**What the task asks**
Give back the whole listing word for word and skip each picture.

**Raw data**
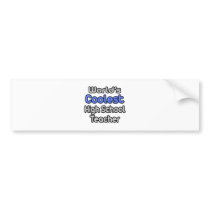 World's Coolest High School Teacher bumper stickers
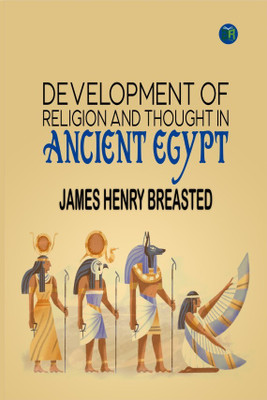 Development Of Religion And Thought In Ancient Egypt(Hardcover, James Henry Breasted)
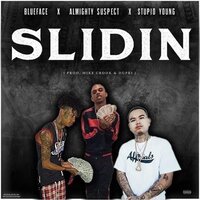 Slidin' - Almighty Suspect, blueface, StupidYoung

**Expected answer**
 World's Coolest High School Teacher bumper stickers
 Development Of Religion And Thought In Ancient Egypt(Hardcover, James Henry Breasted)
 Slidin' - Almighty Suspect, blueface, StupidYoung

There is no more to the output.